In January 2002, Elon Musk was basking in the sun on a Rio de Janeiro beach. It was just where you’d expect to find a 30-year-old who was about to see PayPal — the electronic payments company where he was a board member and the largest shareholder — go public. But Musk wasn’t flipping idly through People or downing pitchers of caipirinhas. He was engrossed in a different kind of vacation reading: Fundamentals of Rocket Propulsion. Musk, a former physics student, wasn’t a rocket scientist. But he was about to become one.
Five months later, Musk used some of his estimated $328 million fortune to fund Space Exploration Technologies (SpaceX), with the ambitious — some might say absurd — goal of building a rocket that would send small payloads into low-Earth orbit at one-tenth the going rate in the United States. Two and a half years and more than $50 million later, the Falcon I, a 60,000-lb. rocket that will deliver a 1,500-lb. payload, is on the verge of its first launch. It if goes up, it will be the first completely privately funded rocket in history to make it into orbit. And even if the first flight fails, SpaceX will have come further, faster, than any other company in the space business. “I think SpaceX has a good shot to revolutionize the industry,” says Nathaniel Mass, a senior fellow at Katzenbach Partners LLC, a consulting firm that has studied SpaceX.
Space is all the rage these days, thanks to the success of Burt Rutan and his SpaceShipOne, which in October 2004 claimed the $10 million Ansari X Prize for the first private manned spacecraft to reach suborbital space two times. Well-heeled Internet folks in particular seem drawn to the concept. There’s Jeff Bezos, whose mysterious Blue Origin is said to be working on manned spaceflight; John Carmack, cocreator of the video game DOOM, whose Armadillo Aerospace competed for the X Prize; and Paul Allen, who backed Rutan. But the industry is littered with the carcasses of those sure they could break the stranglehold of NASA, Boeing, Lockheed Martin, and others.

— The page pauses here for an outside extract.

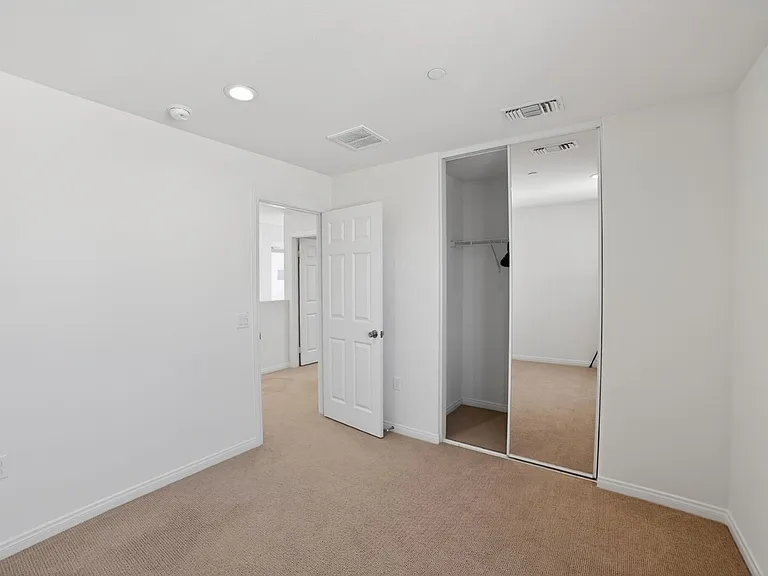 2471 Satsuma Ct — Photo 17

To tackle this sphere without years of training or connections is audacious in itself. To proclaim your intent to transform the industry is even more so. But Musk and his team have created an entrepreneurial culture that dares to dream big — a throwback to the anything-is-possible philosophy of the New Economy — while at the same time taking a deeply practical approach to creating a hunk of metal that may hurtle 200 to 500 miles in the air (but may also explode before it ever leaves the ground). Though Musk’s goals are ambitious, his approach is radically simple: How can we build a rocket faster, cheaper, and better than ever before? And how can a dream team of great minds avoid the human roadblocks that can doom any working group?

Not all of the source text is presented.